Snapchat's Capped Call Transactions.
Going over Snapchat's Capped Call Transactions.
Introduction:
Navigating today’s financial markets requires strategies that balance risk, cost, and opportunity. One such approach is the capped call transaction, a structure that pairs the purchase of a call option with the sale of a higher-strike call to limit upside while reducing net cost. Commonly used in convertible bond issuance, capped calls help mitigate dilution risk and manage volatility. By setting a defined profit ceiling, they offer companies and investors a more controlled exposure to equity performance. LINK TO REFERENCE
What's Going on?
Snapchat issued a bunch of convertible notes (debt that can turn into stock), and to protect itself from stock dilution if those notes convert into shares, it bought something called Capped Call Transactions.
What's a Capped Call?
Think of it as a hedge against equity dilution. If Snap’s share price rises, convertible bondholders may opt to exchange their debt for equity, potentially diluting existing shareholders.

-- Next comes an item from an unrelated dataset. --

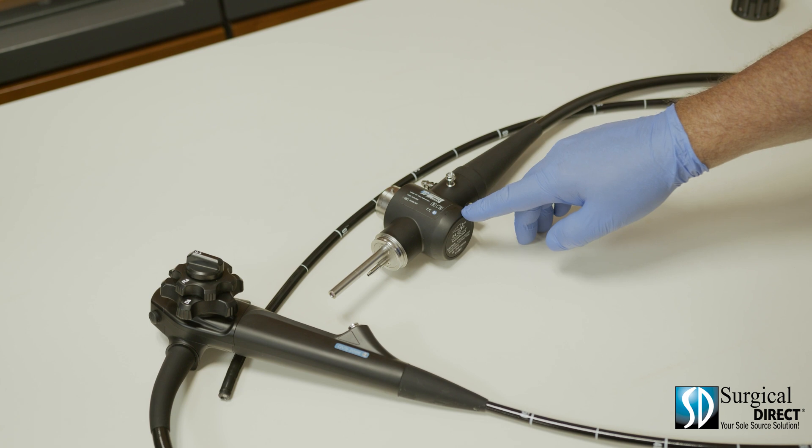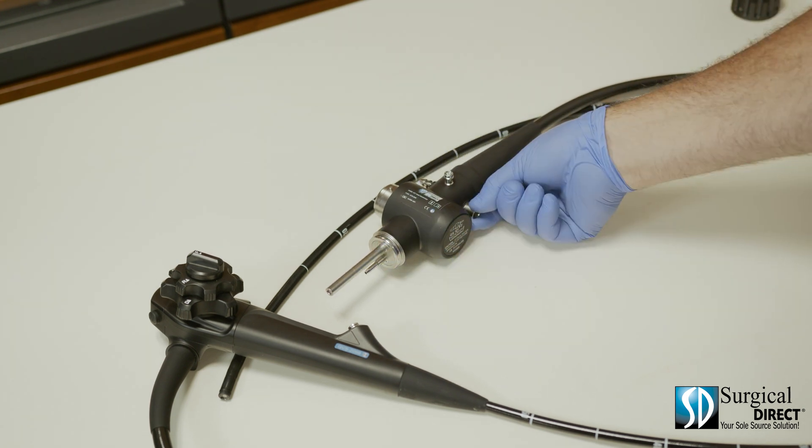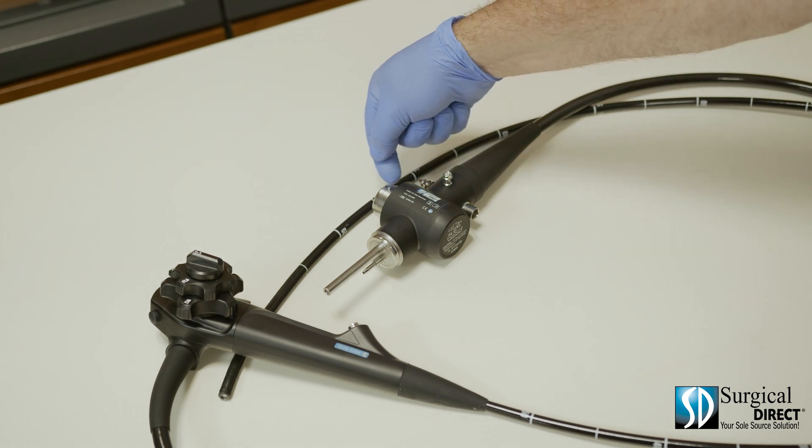This is the video hub of the scope. It includes the light post, the air post, the water inlet, the suction, and the video signal plug.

To mitigate this, Snapchat purchases a capped call option, which allows it to repurchase shares at a predetermined strike price. This protection applies up to a certain threshold; beyond that cap, the upside benefit ends.
Table: Snapchat's Capped Call.
Convertible Notes | Capped Call Cost | Cap Price (per share) |
---|---|---|
2025 Notes | $100.0 million | $32.12 |
2026 Notes | $102.1 million | $32.58 |
2027 Notes | $86.8 million | $121.02 |
2028 Notes | $177.0 million | $93.90 |
2030 Notes | $68.9 million | $33.48 |
What's The Normal, Best, & Worst case scenario for this?
Downside Risk:
In the most unfavorable outcome, Snap’s stock remains below all applicable conversion strike prices, rendering the capped call options entirely out of the money. As a result, the approximately $534.8 million in premiums paid for these instruments would expire without value. Consequently, Snap would experience the full dilutive impact of the convertible notes upon conversion.
Normal‑Case Scenario:
If Snapchat stock were to rise moderately, within the range of $40 to $50, it would exceed the conversion prices of certain convertible note series while still remaining below the cap levels for others. For the 2025, 2026, and 2030 convertible notes, where the cap prices are around $32 to $33, the associated capped call options effectively mitigate dilution up to those thresholds.
Meanwhile, for the 2027 and 2028 notes, which have significantly higher cap levels of $121 and $93.90 respectively, a stock price in the $40–$50 range allows the company to benefit from the full intrinsic value of the call spread (i.e., the difference between the stock price and the conversion strike), as these calls remain uncapped.
As a result, Snap benefits in two ways: it reduces dilution for the lower-cap series and enjoys full economic offset from the higher-cap series, at least until the stock reaches those upper cap levels.
Best Case Scenario:
In a highly favorable outcome, Snapchat stock experiences a substantial increase, potentially exceeding $150 per share. Under this scenario, each capped call option reaches its full payout potential, delivering the difference between the cap price and the strike price. This mechanism effectively offsets the dilution impact up to those predefined cap levels.
As a result, dilution is essentially fixed at those upper thresholds, allowing current shareholders to benefit from any additional upside beyond the caps. Notably, Snap secures this advantage through the relatively modest cost of the capped call premiums.
Summary:
Snap has strategically opted for a structure that involves an initial, clearly defined expense of approximately $535 million. In return, the company gains a measured level of protection against dilution, offering no coverage below the strike prices, partial mitigation in the mid-range, and complete protection once the stock surpasses the cap levels.